So for me, it’s usually like 30% on coding, 30% on planning, and roadmap, and then the other 30% is in going and meeting people and sharing experiences and lessons learned. I used that loop through the years to just keep going and keep learning and keep staying up to date with the stuff that is happening around this space.
I can really relate to that, because for me the Changelog application was a bit like that. So when I started in 2015-2016 with Jerod and Adam, the whole idea was “How do we deploy this thing?” That’s how it started. How do we deploy this application? And we just went from WordPress to Phoenix. It is still a monolith, but over the years we made it cloud-native. And it works on Kubernetes, we ran it on Docker Compose, we had Docker Swarm, we used Concourse at some point, Ansible… We went through all the generations step by step and we shared that story along the years. And the people loved those episodes so much that they said “Well, why don’t you do a podcast?” And that’s how Ship It started.

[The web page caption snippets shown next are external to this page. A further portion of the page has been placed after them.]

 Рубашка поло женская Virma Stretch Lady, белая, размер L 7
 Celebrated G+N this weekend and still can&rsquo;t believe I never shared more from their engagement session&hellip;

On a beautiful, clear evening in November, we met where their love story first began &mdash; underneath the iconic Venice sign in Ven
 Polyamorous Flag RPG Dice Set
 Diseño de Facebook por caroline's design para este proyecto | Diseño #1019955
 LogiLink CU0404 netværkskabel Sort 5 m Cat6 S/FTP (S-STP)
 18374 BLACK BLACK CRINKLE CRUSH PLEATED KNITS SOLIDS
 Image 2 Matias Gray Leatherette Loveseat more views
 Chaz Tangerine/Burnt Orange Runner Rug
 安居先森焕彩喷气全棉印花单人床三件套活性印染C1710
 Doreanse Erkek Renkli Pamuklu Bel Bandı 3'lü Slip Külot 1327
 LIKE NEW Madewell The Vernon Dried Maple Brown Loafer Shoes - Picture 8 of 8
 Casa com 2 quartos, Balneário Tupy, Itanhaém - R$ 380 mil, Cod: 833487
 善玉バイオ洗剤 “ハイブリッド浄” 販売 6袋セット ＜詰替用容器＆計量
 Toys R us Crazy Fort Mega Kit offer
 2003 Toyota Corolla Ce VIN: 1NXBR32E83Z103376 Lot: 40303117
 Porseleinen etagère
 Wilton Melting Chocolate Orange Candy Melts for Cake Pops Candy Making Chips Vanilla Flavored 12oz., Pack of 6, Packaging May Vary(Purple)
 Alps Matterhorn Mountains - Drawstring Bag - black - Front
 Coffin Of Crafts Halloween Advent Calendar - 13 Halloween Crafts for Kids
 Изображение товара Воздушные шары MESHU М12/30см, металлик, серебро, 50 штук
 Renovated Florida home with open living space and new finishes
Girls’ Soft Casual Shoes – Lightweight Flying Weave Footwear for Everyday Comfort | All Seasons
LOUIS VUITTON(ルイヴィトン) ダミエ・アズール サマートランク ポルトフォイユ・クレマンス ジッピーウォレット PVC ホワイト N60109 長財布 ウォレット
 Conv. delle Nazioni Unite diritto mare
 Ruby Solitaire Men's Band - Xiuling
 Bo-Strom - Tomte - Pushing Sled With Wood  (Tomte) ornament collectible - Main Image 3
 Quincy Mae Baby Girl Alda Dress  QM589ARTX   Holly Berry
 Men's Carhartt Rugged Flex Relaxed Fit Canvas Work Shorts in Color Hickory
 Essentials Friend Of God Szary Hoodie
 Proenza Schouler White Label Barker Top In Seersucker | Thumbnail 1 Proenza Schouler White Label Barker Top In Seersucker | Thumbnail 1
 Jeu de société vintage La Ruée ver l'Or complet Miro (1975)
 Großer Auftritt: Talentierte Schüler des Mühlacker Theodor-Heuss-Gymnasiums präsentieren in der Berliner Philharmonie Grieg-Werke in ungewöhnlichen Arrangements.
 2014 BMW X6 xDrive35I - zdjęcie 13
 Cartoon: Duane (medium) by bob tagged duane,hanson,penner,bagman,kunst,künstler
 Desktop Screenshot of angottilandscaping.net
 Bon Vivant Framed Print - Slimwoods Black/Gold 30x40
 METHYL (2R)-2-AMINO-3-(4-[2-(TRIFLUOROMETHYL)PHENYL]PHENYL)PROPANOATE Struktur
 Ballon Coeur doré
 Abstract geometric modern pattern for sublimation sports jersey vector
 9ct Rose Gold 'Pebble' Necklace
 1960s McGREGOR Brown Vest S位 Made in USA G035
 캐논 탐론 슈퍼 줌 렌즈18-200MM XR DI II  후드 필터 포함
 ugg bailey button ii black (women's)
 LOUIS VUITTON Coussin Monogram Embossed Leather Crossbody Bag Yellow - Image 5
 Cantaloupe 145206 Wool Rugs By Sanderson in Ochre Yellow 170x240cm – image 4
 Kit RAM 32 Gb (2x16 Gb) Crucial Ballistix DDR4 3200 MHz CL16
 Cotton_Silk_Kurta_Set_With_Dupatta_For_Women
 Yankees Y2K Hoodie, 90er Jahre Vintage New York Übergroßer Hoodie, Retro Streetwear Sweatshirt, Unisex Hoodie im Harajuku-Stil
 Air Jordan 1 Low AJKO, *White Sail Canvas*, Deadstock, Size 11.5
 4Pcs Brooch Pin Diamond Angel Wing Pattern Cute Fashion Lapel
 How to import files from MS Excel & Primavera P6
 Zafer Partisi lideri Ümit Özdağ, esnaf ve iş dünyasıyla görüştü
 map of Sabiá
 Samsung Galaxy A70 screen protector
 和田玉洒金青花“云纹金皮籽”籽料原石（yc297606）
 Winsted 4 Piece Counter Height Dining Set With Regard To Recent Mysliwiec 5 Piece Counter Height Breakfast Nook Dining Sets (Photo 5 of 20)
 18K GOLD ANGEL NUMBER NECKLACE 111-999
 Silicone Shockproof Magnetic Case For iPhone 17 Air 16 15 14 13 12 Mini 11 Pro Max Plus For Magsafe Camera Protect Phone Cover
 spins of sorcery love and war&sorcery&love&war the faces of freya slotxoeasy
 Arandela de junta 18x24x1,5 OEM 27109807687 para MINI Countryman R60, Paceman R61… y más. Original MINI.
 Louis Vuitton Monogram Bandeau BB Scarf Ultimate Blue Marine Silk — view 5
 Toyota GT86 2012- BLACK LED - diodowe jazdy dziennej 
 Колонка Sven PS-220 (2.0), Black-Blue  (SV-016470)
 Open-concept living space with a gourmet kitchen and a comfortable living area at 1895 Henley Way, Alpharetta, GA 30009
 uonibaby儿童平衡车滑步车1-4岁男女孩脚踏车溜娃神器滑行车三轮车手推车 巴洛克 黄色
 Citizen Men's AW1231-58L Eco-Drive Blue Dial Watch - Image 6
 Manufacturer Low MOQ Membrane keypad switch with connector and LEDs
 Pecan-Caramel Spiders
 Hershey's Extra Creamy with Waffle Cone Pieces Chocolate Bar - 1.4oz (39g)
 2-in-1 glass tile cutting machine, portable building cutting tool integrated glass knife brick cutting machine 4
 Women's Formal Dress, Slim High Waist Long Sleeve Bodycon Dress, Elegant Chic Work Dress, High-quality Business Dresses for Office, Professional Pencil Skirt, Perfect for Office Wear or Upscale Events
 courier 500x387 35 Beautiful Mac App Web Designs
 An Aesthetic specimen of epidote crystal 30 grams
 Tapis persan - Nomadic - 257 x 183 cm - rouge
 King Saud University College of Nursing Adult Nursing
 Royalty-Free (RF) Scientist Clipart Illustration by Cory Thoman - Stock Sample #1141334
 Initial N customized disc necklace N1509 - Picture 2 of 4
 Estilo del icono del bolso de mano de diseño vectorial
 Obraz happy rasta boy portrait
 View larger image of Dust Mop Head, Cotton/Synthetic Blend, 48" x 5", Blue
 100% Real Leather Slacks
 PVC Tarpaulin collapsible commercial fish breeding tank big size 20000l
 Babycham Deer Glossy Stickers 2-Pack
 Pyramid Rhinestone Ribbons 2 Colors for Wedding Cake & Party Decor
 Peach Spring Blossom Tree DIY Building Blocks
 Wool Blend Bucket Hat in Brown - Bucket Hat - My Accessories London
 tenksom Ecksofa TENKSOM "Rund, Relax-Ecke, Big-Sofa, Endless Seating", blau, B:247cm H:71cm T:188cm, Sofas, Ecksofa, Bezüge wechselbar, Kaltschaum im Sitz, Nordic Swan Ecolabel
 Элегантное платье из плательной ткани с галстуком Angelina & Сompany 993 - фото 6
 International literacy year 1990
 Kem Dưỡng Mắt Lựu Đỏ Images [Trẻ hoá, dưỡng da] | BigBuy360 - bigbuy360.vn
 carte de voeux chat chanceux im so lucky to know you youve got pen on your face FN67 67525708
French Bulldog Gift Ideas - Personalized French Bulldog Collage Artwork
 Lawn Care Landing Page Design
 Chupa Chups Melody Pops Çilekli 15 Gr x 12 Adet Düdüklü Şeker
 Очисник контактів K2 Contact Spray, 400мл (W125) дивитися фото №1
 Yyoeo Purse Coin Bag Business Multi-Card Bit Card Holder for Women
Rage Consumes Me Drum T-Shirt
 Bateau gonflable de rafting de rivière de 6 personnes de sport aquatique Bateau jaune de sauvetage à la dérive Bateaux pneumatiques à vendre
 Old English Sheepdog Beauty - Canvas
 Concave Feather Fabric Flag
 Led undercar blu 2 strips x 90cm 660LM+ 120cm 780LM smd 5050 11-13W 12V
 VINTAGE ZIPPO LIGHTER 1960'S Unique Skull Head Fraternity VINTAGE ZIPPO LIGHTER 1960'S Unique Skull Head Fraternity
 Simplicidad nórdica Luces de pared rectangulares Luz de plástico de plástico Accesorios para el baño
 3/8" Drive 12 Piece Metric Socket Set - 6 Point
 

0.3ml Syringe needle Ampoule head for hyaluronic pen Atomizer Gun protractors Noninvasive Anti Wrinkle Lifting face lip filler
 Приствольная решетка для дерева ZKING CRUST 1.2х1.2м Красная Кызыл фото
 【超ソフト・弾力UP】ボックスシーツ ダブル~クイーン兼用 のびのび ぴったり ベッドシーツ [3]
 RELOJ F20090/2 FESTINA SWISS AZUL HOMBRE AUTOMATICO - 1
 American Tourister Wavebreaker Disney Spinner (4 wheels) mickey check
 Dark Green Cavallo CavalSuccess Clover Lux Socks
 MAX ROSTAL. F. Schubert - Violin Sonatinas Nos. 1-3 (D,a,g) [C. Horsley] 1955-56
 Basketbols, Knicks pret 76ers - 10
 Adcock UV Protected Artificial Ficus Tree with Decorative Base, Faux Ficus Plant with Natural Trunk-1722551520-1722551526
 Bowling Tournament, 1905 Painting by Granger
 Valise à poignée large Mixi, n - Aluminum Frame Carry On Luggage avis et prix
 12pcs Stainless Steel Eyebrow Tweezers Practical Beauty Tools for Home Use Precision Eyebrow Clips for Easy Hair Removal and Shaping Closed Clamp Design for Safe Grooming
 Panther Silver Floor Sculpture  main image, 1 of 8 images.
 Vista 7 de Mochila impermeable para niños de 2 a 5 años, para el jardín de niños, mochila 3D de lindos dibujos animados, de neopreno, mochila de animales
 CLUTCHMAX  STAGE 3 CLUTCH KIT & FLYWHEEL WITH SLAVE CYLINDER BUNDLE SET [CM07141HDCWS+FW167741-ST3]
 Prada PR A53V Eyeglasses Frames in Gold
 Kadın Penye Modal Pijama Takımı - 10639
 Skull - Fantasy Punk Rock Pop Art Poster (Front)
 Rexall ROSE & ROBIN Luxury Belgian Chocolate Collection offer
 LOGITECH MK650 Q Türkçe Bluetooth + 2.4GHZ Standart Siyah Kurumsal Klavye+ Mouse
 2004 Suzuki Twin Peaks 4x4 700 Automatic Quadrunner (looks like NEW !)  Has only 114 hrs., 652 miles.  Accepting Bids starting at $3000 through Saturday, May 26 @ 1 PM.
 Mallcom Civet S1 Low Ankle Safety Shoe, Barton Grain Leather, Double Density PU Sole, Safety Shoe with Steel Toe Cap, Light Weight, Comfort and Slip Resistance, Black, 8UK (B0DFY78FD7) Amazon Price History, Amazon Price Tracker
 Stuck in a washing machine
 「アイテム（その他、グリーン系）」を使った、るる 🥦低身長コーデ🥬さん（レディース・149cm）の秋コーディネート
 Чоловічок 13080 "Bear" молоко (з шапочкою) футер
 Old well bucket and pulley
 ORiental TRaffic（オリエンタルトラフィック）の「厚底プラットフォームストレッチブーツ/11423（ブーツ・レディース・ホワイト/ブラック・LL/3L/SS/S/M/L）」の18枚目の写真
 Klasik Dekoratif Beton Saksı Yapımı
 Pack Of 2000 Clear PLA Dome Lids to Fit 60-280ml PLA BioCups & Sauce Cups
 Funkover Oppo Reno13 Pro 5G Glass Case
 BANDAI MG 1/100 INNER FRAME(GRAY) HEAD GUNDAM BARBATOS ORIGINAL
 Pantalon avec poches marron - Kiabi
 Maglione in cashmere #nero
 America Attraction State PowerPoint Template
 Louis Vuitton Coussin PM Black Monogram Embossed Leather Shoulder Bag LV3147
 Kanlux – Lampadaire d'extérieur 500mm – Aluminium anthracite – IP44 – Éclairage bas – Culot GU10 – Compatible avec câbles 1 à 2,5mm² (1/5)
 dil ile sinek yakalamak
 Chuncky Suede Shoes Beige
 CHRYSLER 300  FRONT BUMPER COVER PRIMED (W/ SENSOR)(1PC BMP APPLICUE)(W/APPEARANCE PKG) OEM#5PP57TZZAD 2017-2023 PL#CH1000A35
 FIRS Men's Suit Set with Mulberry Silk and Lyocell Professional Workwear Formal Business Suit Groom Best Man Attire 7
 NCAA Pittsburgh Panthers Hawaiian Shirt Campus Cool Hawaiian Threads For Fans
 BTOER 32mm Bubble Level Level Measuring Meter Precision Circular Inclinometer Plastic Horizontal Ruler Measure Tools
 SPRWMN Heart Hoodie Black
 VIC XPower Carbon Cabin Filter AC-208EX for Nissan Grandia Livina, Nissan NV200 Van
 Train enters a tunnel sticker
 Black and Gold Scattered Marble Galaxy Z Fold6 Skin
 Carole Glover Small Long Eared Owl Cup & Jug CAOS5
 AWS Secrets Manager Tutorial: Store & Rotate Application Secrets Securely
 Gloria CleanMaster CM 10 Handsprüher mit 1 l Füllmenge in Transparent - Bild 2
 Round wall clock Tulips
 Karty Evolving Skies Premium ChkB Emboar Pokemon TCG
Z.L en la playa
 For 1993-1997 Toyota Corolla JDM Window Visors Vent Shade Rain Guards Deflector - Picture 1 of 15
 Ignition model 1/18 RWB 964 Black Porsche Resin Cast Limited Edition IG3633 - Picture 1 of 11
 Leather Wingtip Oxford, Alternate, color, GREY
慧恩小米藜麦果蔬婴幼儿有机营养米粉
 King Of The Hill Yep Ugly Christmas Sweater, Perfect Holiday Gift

So I can relate to your story about working on something long-term, on a codebase, on an application, and using that to learn and to share your learnings with others.
I find it really amazing, because I just suggested [unintelligible 00:19:01.28] I keep getting, over the years, every time that I present this in a conference or in a meetup or whatever, I keep getting people coming back and telling me that they want to help me to build an example. So I have a number of contributors during the years that have pushed me to make things better, even for them. So I know what they need in order to start contributing, but it’s still under my personal organization, which is always a limitation for more people to see it, more people to give it a try… And also, it just puts all the pressure on me, on making it better. So I’m really hoping to be able to move this sometime soon.
I’m curious, why do you call it delivery and not deployment? Why Continuous Delivery for Kubernetes and not Continuous Deployment for Kubernetes?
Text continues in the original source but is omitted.